Steadman, though, never got the sense Lacy really enjoyed himself. It was a sentiment he once shared with Rhoden, Lacy’s former mentee, at a Super Bowl.

‘I thought, well, yeah it’s easy for some of my white colleagues to show up, go to these events and drink beer and have a great time because all they see is all the white guys,’ recalled Rhoden, who became a longtime New York Times sports columnist. ‘Where a guy like Sam showed up and you’re always thinking about, ‘Man, there’s no Black folks here,’ there are no other Black journalists from the mainstream media … You just don’t have that luxury just to come and just have a great time because it just galls about how we’ve been pushed aside.’

In 1975, when Lee Elder became the first Black golfer to play in The Masters, tournament officials questioned Lacy’s credentials and didn’t give him access to the press tent. Years earlier, Lacy covered a baseball game from the press box roof in New Orleans. He was joined there in silent protest by a group of white sportswriters. (That pleased him.)

He hammered away at hotels in some major league cities for refusing to integrate for baseball players, the last of them in Baltimore finally doing so in the late 1950s. He reminded his readers, who numbered in the hundreds of thousands, how the football owner in Washington, George Preston Marshall, was the last one in the NFL to integrate his team (in 1962).
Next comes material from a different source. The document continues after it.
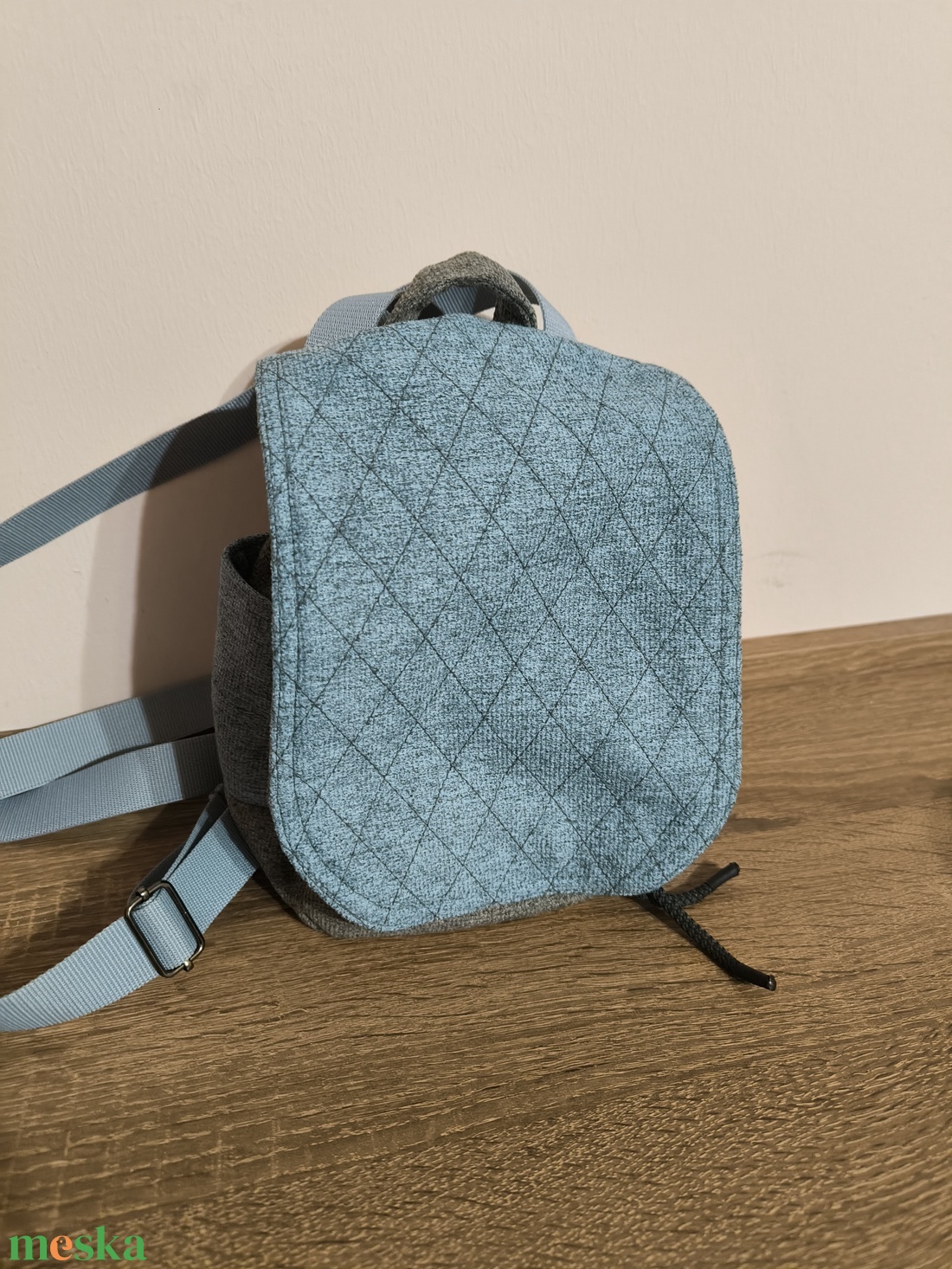 Mini hátizsák - táska & tok - hátizsák - hátizsák - Meska.hu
‘I find it difficult to overlook the fact that if it had been left to George Preston Marshall, there never would have been any colored players in professional football,’ Lacy said in his A-to-Z column when Marshall died in 1969. ‘He persisted until the very end in holding the line on lily-whitism.’ Lacy also wrote how one of two wills Marshall left, directing that a foundation be set up to help needy area children, had a stipulation that it wouldn’t participate in any activity ‘which supports or employs the principle of racial integration in any form.’

Concluded Lacy: ‘May his soul rest in peace.’

‘The fight is not over’

When Rhoden was a regular during the long run of ESPN’s ‘The Sports Reporters,’ on which columnists debated topics across the sporting landscape, it was a joy for him when Lacy called and offered praise. Or Lacy might say, ‘You gotta speak up. You can’t let him get away with that.’ Or he would tell Bill not to slouch.
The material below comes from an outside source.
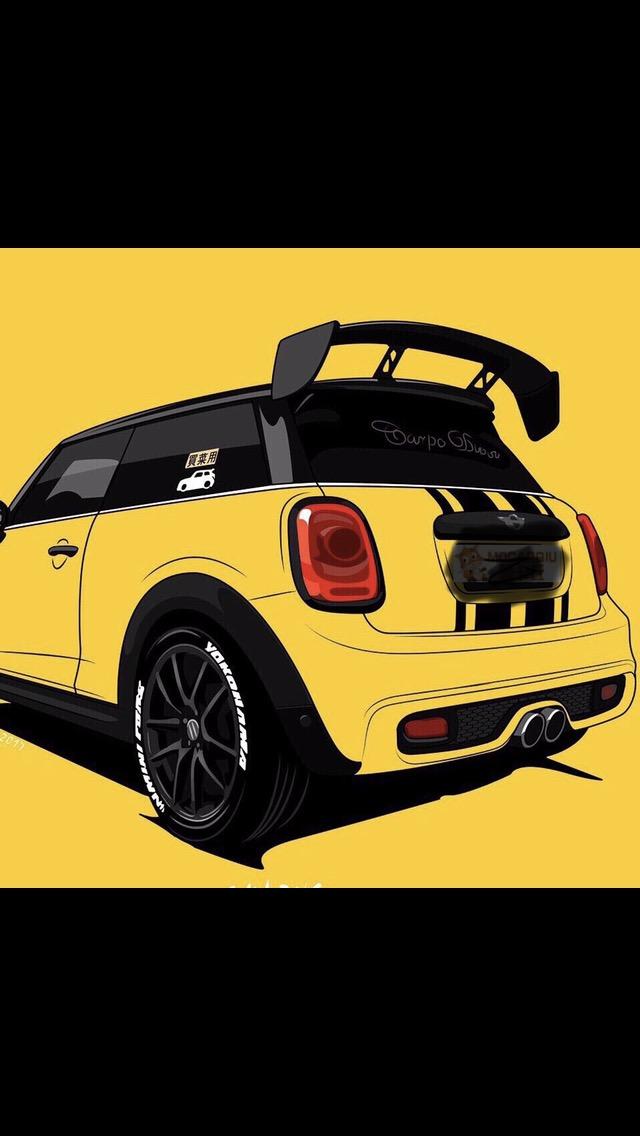 宝马mini_mini车友圈_广小褀_懂车帝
There was a time when a job like Rhoden’s wouldn’t have been possible for Lacy. But covering Robinson brought him some acclaim, and Sports Illustrated approached him in 1950. But joining the ‘majority media,’ in Lacy’s words, was never his intention.

‘I’m an old Catholic loyalist,’ Lacy told The Washington Post in 1997, noting he had been with the Afro for 54 years. ‘No other paper in the country would have given me the opportunity to see the world. So how can I leave? Sure, I sacrificed. I lost money. But I’ve lived comfortably. I’ve sent two kids through school. And I pay my rent. And buy my clothes.’

He also became close with Black athletes of his generation, like Robinson, Owens and heavyweight boxing champion Joe Louis, who, just by their presence, were also trying to break down barriers.

‘He loved Joe Louis,’ says Rhoden, now a columnist for ESPN’s Andscape.com. ‘He was a great fighter … but also because of what he meant to Black people. … He wasn’t crazy with what Tommie Smith and John Carlos did in Mexico City and, of course, me being my age and all that, we probably didn’t see eye to eye on that.

‘But that’s what made our relationship cool. You’re supposed to have those generational disagreements.’

Andscape has created a fellowship in Rhoden’s name to develop aspiring sports journalists from HBCUs. As he mentors the next generation, Rhoden makes sure it knows about Sam Lacy and what he endured.

‘It’s not over,’ Rhoden says. ‘I’m at the Super Bowl and I’m looking around and it’s still astounding about how few African Americans there are. … Sam probably would be nuts about that: How there still are so few young African Americans in the sports media. Because when I think of Sam, I just think how the fight is not over.’